Friday, March 29, 2024

Israel must choose: Withdraw from the occupied territories or grant Palestinians under its control full rights

By: Mairav Zonszein

Mairav Zonszein is a senior analyst on Israel-Palestine with the International Crisis Group.
When Israel’s new president, Isaac Herzog, marked the first night of Hannukah in December by lighting candles in the occupied West Bank city of Hebron, where some 850 Israeli settlers live under military protection among over 200,000 Palestinians, he offered yet another insulting reminder of Israel’s brutal occupation. Herzog talked about the need to denounce “all forms of hatred and violence” in a place where systemic violence against Palestinians is blatant.

The hodgepodge Israeli coalition that ended Benjamin Netanyahu’s tenure has tried to turn the page by practicing respectful diplomacy abroad. As foreign minister, centrist politician Yair Lapid has been trying to repair Israel’s relations with Democrats in the U.S. and with European Union governments, whom Netanyahu treated with disdain, in an effort to bolster Israel’s image as a liberal democracy that plays nice.
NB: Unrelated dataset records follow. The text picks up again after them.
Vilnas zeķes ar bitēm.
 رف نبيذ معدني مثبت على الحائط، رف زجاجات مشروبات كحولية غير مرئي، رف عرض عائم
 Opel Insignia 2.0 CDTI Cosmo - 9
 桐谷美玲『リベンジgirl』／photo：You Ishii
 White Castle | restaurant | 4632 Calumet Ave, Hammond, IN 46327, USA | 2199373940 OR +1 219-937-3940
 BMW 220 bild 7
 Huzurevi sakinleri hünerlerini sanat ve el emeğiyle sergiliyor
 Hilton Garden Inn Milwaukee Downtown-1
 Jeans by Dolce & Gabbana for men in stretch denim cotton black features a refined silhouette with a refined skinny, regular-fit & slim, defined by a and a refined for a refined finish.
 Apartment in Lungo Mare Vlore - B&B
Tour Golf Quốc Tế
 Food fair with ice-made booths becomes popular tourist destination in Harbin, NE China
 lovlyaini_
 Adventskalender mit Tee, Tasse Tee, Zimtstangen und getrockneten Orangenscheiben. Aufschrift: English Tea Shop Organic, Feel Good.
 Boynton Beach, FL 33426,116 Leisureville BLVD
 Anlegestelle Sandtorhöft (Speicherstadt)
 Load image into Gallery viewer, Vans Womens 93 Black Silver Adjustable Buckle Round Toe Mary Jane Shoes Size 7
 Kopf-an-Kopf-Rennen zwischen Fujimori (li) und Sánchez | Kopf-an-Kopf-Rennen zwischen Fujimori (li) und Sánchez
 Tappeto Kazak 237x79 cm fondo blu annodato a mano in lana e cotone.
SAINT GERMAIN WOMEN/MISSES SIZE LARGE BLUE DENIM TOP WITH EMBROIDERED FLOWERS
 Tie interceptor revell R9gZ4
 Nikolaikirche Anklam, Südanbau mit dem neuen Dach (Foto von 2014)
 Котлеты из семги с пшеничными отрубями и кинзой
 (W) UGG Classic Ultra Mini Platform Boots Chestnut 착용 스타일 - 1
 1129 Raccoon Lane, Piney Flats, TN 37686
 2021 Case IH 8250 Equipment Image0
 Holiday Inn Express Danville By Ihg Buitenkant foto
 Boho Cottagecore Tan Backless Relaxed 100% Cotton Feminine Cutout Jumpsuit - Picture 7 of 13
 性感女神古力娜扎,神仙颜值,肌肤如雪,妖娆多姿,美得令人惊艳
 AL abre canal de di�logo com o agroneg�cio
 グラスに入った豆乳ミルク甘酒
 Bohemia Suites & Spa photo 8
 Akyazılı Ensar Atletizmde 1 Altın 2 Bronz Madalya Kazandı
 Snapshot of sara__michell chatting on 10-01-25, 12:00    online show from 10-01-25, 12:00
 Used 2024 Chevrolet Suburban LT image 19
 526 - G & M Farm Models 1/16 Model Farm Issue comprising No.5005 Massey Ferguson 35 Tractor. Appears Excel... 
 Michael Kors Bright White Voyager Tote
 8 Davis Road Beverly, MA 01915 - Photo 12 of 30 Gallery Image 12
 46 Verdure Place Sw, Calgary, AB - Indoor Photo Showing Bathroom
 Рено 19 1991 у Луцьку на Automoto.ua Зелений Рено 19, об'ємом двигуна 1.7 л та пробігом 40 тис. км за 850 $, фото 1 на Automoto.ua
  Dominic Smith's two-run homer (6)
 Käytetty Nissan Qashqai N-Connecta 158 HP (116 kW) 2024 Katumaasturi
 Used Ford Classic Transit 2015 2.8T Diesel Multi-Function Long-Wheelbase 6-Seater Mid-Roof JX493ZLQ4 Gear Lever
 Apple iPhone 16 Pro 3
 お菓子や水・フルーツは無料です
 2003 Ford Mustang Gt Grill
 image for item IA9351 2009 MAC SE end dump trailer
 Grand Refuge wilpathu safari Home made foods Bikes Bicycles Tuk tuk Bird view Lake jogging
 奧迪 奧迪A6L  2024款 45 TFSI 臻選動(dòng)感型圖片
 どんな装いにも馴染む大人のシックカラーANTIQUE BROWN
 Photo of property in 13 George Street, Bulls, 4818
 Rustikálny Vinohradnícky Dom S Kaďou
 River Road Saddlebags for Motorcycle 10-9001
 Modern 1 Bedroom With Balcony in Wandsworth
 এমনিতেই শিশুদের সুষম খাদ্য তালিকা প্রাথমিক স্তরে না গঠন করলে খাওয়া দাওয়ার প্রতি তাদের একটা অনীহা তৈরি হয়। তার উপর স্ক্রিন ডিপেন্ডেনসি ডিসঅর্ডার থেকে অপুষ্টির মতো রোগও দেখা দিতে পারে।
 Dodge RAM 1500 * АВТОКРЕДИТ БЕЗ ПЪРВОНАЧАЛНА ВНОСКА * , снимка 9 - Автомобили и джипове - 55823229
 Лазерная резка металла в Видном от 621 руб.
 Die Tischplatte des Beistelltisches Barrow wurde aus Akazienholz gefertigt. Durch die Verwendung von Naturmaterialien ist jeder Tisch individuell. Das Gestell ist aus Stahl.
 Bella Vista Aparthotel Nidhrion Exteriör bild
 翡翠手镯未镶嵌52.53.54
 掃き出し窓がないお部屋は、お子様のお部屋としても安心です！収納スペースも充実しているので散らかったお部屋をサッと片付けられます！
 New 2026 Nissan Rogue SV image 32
The approach appeals to many Western officials who, understandably, given their experience with Netanyahu, are holding out hope for change. “We will not immediately declare that everyone who doesn’t agree with us is an antisemite and Israel-hater. This is not how you handle a country’s foreign relations,” Lapid said in July.
But that same month, after Ben & Jerry’s announced that it would no longer be selling its ice cream in settlements in the occupied Palestinian territories, where 670,000 Israelis reside illegally, Lapid called the move “anti-Israel and anti-Jewish.”
Presenting a settlement boycott as a boycott of Israel erases the distinction between Israel’s internationally recognized 1948 borders and the land — and people — it has occupied since 1967. Though the Naftali Bennett-Lapid coalition claims it is the antidote to Netanyahu’s rule, it is continuing the same policies of settlement expansion, demolitions and threats of eviction, state repression of Palestinians and refusal to engage in even the semblance of a political process. The new government has also, if anything, doubled down in conflating Israel and the West Bank.
Israel’s education minister recently upheld her predecessor’s decision to withhold the Israel Prize from math professor Oded Goldreich because he endorses a boycott of Ariel University, located in a large West Bank settlement. “I cannot award the Israel Prize for academic achievements, impressive as they are, [to someone] who calls for boycotting Israel,” she said, accusing him of boycotting “academic institutions in Israel,” even though Ariel is not in Israel.
Deputy Foreign Minister Idan Roll cancelled scheduled meetings with Belgian officials after their government announced it would begin labeling products made in the settlements — not a boycott, just consumer transparency. Roll said the decision to label products “strengthens extremists, does not help promote peace in the region and shows Belgium as not contributing to regional stability.” The Foreign Ministry issued a statement calling the move “anti-Israeli” and said “it is inconsistent with the Israeli government policy focused on improving the lives of Palestinians and strengthening the Palestinian Authority, and with improving Israel’s relations with European countries.”
According to this logic, even under a prime minister who claims to “shrink” the conflict, a defense minister who seeks to strengthen the Palestinian economy and a foreign minister who supports a two-state solution, Israeli policy is keeping the West Bank, legitimizing settlements and keeping Palestinians under military rule while professing to be improving their lives.
This continues the de facto annexation of previous governments — and arguably takes it slightly up a notch by creating the appearance of de jure annexation. It’s not merely continued land expropriation (while evading the legal ramifications) but a posturing that expects the rest of the world to accept occupied territory as if it were Israel. It is part of why Israeli human rights group B’Tselem followed Palestinian counterparts by declaring a year ago that Israel is an apartheid regime.
Palestinians and their supporters are rebuked and even punished when they call for a free Palestine “from the river to the sea.” A recent poll shows Palestinians living in the West Bank now favor one state over two. But Israel’s daily policies actually implement one state from the river to the sea, where Jews have freedoms that Palestinians are denied.
The normalization of Israeli settlements and erasure of the Green Line is not new. It has been taking place steadily since Israel began sending citizens over the line after the 1967 war. But this new coalition pursues this agenda while presenting itself as somehow friendlier and more palatable, which it gets away with largely due to international inaction.
Because Israel is treating the West Bank as though it is already part of its sovereign territory, perhaps other governments should start acting accordingly. Although, in Israel, politics — and rhetoric — have shifted dramatically away from the peace process, international policy and rhetoric remain stuck. The world needs to force Israel to choose: Either it commits to withdrawing its military and civilian presence from the West Bank to pre-1967 boundaries, or it must grant the right to citizenship, full equality and enfranchisement of all those living under Israeli control, at least until a genuine negotiated solution is back on the table.